==== Information shown

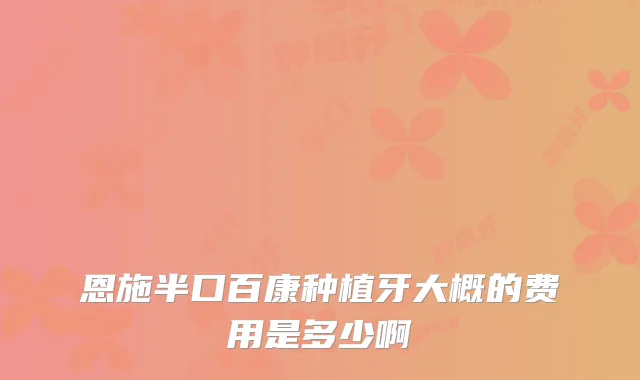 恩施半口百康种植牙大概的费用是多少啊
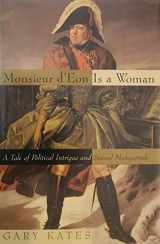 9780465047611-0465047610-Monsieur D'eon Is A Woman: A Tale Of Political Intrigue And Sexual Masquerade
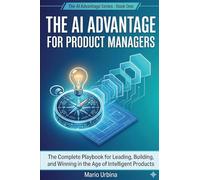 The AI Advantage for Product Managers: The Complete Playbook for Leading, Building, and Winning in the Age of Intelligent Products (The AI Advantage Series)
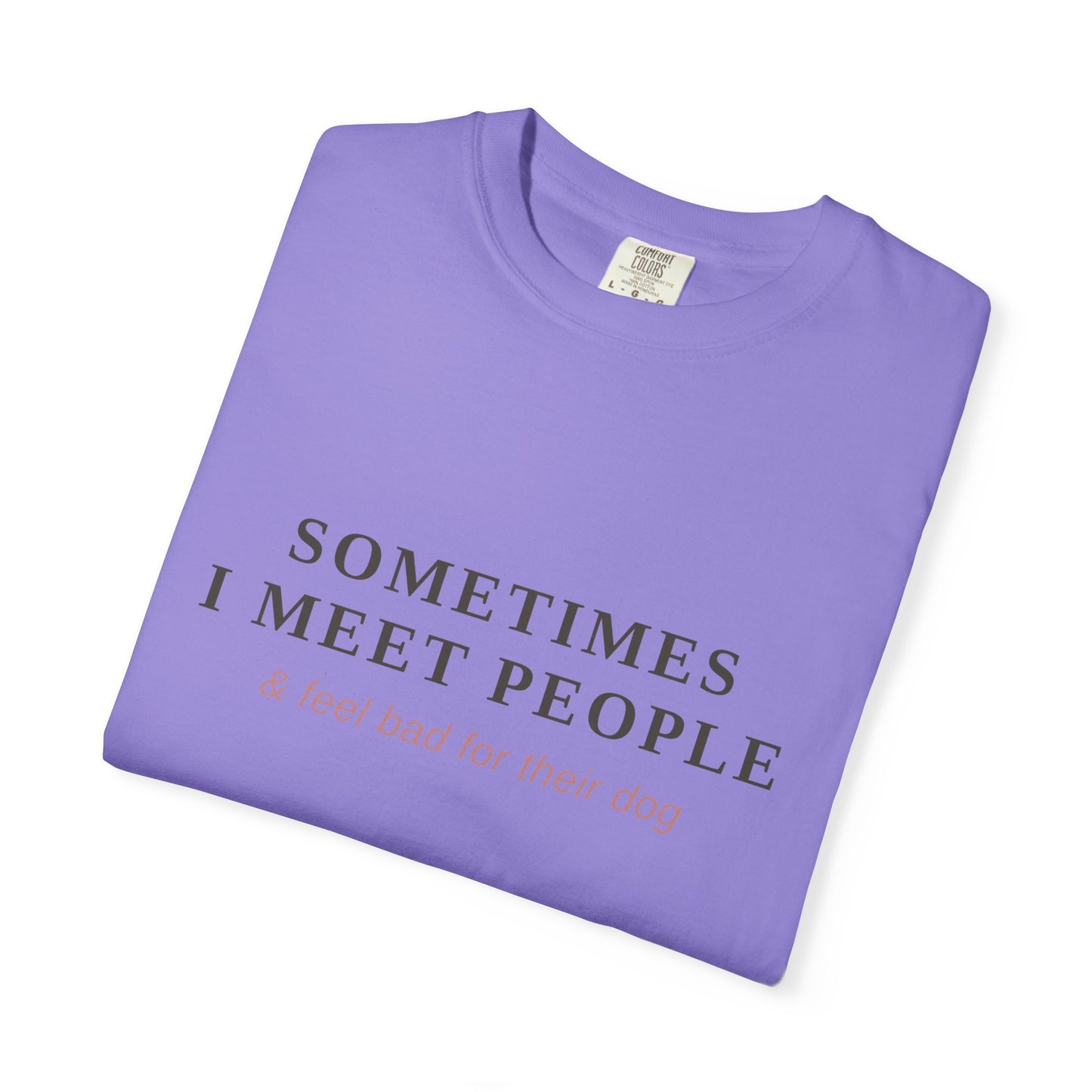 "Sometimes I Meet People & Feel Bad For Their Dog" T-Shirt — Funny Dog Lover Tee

========
==== Information shown

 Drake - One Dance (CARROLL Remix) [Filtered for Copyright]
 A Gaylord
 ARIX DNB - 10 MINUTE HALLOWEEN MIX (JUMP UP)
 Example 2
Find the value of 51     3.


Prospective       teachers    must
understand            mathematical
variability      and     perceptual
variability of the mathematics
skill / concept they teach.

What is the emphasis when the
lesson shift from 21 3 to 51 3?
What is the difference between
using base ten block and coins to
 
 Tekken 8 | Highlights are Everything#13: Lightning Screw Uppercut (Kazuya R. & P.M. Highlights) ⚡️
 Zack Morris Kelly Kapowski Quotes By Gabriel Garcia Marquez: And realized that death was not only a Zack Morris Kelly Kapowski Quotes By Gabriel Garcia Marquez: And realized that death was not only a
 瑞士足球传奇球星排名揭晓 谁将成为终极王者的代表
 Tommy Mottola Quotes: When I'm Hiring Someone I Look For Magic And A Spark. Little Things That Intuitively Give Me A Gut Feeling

========

Exercise goal ▸
From the records above, retype only the lines starting at the line that contains "ARIX DNB - 10 MINUTE HALLOWEEN MIX (JUMP UP)" and ending at the line that contains "Tommy Mottola Quotes: When", both included.

Final answer ▸
 ARIX DNB - 10 MINUTE HALLOWEEN MIX (JUMP UP)
 Example 2
Find the value of 51     3.


Prospective       teachers    must
understand            mathematical
variability      and     perceptual
variability of the mathematics
skill / concept they teach.

What is the emphasis when the
lesson shift from 21 3 to 51 3?
What is the difference between
using base ten block and coins to
 
 Tekken 8 | Highlights are Everything#13: Lightning Screw Uppercut (Kazuya R. & P.M. Highlights) ⚡️
 Zack Morris Kelly Kapowski Quotes By Gabriel Garcia Marquez: And realized that death was not only a Zack Morris Kelly Kapowski Quotes By Gabriel Garcia Marquez: And realized that death was not only a
 瑞士足球传奇球星排名揭晓 谁将成为终极王者的代表
 Tommy Mottola Quotes: When I'm Hiring Someone I Look For Magic And A Spark. Little Things That Intuitively Give Me A Gut Feeling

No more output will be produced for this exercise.